I will be very very careful about using this stuff and will wear a bandana over my face, like a Wild West gunslinger. Holy Shit! Good news … I BOUGHT A NEW CAMERA!! Which means I am TOTALLY gonna snap a pic of me wearing said getup alongside my arsenal. Oh man, this is getting exciting!

So I’m gonna continue to fight the good fight until the landlord figures out how to rid the south of roaches.

Until then, Mother Earth please accept my apologies. I love you and will promise to buy some carbon credits online and help cleanup my local river and continue to recycle anything I can and will do my best to embrace your loveliness in all other ways.
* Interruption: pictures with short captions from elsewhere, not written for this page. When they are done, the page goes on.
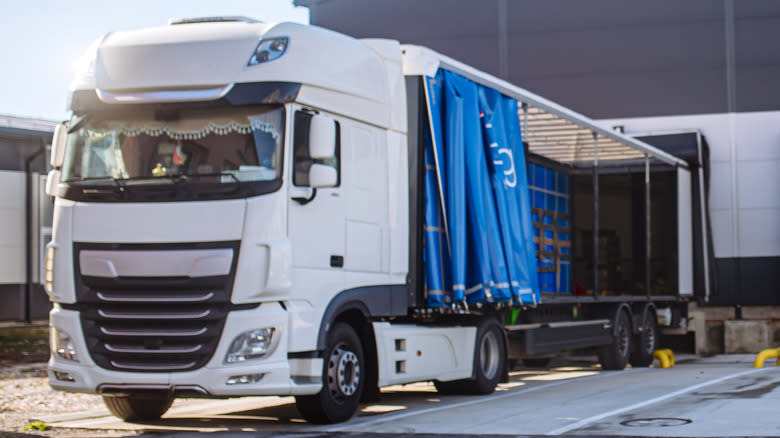 A cab-over truck at a warehouse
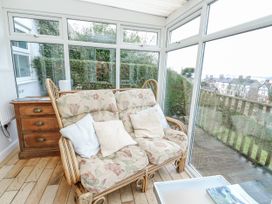 A conservatory with a sofa and a side table at Preswylfa Apartment in Caernarfon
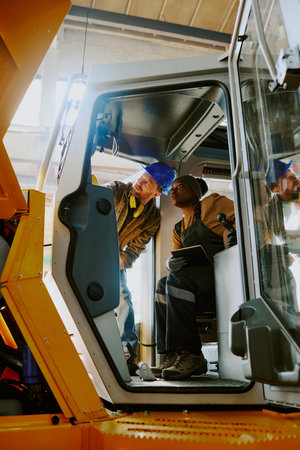 Vertical shot of two ethnically diverse engineers doing quality control of new bulldozer at work in modern factoryの写真素材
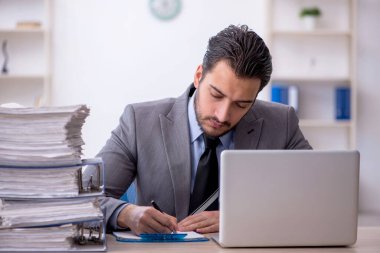 Genç bir çalışan ve ofiste çok fazla iş var.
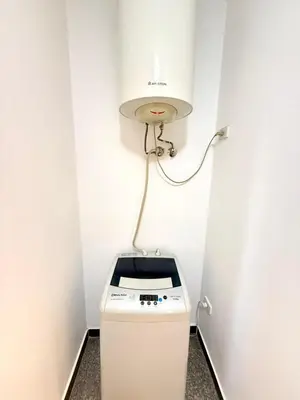 a stove in a room with a light on the wall at Stunning 2BR Apartment - Al Dora Resort, Hurghada in Hurghada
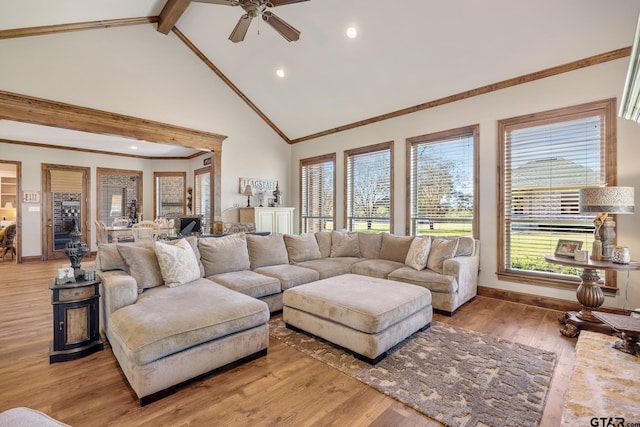 living room featuring ceiling fan, beamed ceiling, high vaulted ceiling, and hardwood / wood-style flooring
Hey Polygamist Cockroach Bitches:

I.WILL.FUCKING.CUT.YOU!!!
EVERY.LAST.ONE.OF.YOU!!!





Bein’ Green

You know I continue to waiver on my feelings about DC. One of the biggest things that drives me insane is the lack of recycling in this town. I have heard from many people that even if you use the bins the city gives you, the trash guys throw it all in one big truck and don’t actually recycle it. For SHAME! I have been known to carry an empty bottle or can for blocks looking for a recycling bin, which don’t actually exist on the streets here. Sometime my hobo ass puts it in my purse and takes it home to my bin, even if I am not confident it will be recycled from there. I simply cannot NOT recycle. The thought of putting a recyclable object into a normal trash receptacle actually makes my soul explode.
Before it was “the norm” in California, my hippy earthy crunchy nature-loving dad would sort things at home and then take them to the dump where we could dispose of the waste separately. Man, have you ever been to the dump? That place ROCKS! It is so damn interesting to see where all your shit goes. Mountains and Mountains of trash!!!!
You would be shocked at the stuff I recycle. I would venture to say that 80% of the things I use, I put aside to be recycled. Can labels, crystal light containers, ziploc bags, tin foil, tmapon boxes, used paper towels … there ain’t nothin’ I can’t recycle!

More times then I can actually count, I have flicked past the DC public station and seen my beloved Gavin Newsom preachin’ the good word. San Francisco’s perfectly coifed mayor seems to be on our station all the time and I am NOT complaining. (I’ve told you that I’ve had sex with someone who’s had sex with him, right? I mean, I am not usually interested in thinking about my coital ‘Sex Degrees of Kevin Bacon’, but some sick thing inside me gets great joy from that. Don’t worry, I’ve been tested ;-) ).

Sooooo …. this article about San Francisco’s recycling efforts is fabulous! (Hey JB, your beloved Houston recycles 2% of it’s waste. Good job, losers!!!!)
It gives me great joy that they manage to reduce-reuse-and-recycle a TON of stuff! I support Gavin’s efforts in this, even if it stems from his ego-drenched pride. Being on the cutting edge of a green movement, if providing a lesson for other big cities, is plenty worth tootin’ your own horn!!